The Basic Layout of the Google User Data Empire - makimaki
http://www.slightlyshadyseo.com/index.php/googles-user-data-empire/
======
jodrellblank
This article does miss out quite a lot of Google information gathering sites
(Hosted gmail for business use, default search on the iphone, maps+GPS on the
iphone, Picasa, youtube, ...), many are mentioned in the comments.

Still, it's not so much that I think Google is doing evil right now, but the
more they gather, the more potential they have to do bad things with it. And
since they're pushing into unprecedented data gathering, it's not limited to
"bad things that have happened before that I can enumerate specifically",
either. Who can predict what pessimistic delights lie in wait over the next
decade?

And the more they gather, the more of a target they become for crackers,
internal leaks, legistlation, and the more room there is for plain old
mistakes. Maybe they really don't want to do evil, but on their way from
virtue to virtue, some quantity of people will be barged out of the way,
trampled upon and mistreated, just because Goog are huge.

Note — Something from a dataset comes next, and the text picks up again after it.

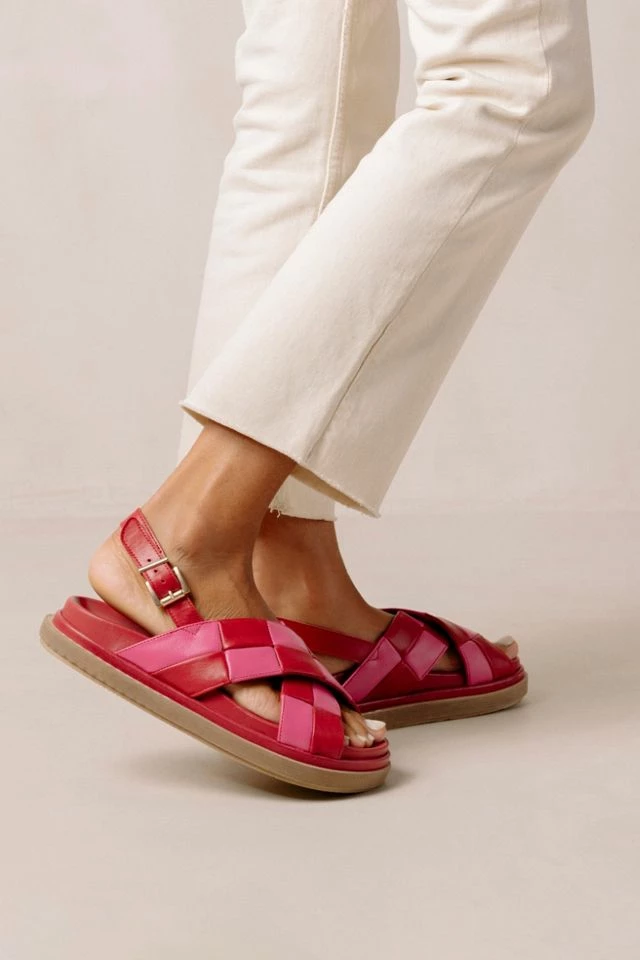 Cheap ???? Women's ALOHAS Marshmallow Leather Checkered Slingback ???? Sandal Scacchi ???? Lipstick Red Magenta ???? 5 Cheap ???? Women's ALOHAS Marshmallow Leather Checkered Slingback ???? Sandal Scacchi ???? Lipstick Red Magenta ???? - Image 3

Also consider that if you regularly use Google maps for directions, then you
will tend to do home->place or work->place, focusing in on your main
locations.

If you search Google for names, then the chances are you're looking for
friends/relatives, or famous people. Google can tell famous people, because
other people are searching for them.

------
debt
He left out one of the most important Google acquisitions: DoubleClick. Ugh,
this article poorly researched and written.

------
azharcs
Everyday I am using less and less of Google products, My default search is
Yahoo now and Image Search is MSN Live, they are perfect. I somehow see Google
as the evil empire of the future and by giving free lunch and letting
employees bring puppies inside office won't change that.